> WORK REQUEST: Select every line below containing the word "Series".

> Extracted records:
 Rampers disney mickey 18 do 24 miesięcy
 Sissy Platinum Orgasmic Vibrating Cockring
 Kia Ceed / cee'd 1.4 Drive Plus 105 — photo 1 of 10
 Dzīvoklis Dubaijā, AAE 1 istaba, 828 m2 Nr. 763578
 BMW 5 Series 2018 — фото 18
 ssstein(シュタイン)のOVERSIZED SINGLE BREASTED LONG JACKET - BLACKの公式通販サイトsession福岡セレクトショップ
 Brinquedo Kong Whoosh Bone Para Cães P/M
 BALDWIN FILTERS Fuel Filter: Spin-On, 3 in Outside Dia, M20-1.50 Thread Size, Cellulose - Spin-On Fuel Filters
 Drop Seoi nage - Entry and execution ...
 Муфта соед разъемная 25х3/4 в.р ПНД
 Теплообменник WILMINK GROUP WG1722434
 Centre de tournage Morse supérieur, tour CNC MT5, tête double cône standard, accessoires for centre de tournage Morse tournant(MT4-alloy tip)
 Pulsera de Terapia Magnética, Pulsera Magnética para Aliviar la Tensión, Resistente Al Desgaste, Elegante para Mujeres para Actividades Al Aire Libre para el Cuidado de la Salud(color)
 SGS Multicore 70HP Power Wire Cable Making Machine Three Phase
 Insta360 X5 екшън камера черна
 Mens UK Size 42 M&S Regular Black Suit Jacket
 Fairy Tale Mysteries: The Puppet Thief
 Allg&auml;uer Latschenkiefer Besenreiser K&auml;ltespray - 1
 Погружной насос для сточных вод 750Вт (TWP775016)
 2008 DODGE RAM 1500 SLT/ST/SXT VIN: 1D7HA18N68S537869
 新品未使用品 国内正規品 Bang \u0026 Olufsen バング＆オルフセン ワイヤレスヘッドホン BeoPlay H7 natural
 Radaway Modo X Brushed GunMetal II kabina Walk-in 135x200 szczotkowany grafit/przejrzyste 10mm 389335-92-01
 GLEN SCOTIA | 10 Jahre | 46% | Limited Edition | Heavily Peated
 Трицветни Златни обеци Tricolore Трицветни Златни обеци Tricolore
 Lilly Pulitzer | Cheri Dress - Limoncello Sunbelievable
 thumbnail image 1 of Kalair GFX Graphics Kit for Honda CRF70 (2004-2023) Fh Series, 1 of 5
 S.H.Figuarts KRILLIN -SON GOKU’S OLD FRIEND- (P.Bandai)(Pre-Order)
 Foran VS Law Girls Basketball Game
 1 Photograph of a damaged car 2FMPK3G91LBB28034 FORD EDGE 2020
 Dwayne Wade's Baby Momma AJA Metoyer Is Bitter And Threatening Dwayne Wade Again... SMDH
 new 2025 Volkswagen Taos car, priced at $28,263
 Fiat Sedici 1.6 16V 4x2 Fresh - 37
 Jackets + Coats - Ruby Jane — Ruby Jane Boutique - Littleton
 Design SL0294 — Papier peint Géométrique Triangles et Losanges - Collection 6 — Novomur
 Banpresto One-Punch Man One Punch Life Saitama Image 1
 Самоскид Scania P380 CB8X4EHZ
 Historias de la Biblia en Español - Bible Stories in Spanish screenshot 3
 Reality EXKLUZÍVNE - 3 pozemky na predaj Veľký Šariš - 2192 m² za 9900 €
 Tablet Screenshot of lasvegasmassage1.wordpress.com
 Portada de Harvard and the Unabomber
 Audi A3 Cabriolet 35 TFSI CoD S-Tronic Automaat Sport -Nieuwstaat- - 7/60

> FINAL ANSWER:
 BMW 5 Series 2018 — фото 18
 thumbnail image 1 of Kalair GFX Graphics Kit for Honda CRF70 (2004-2023) Fh Series, 1 of 5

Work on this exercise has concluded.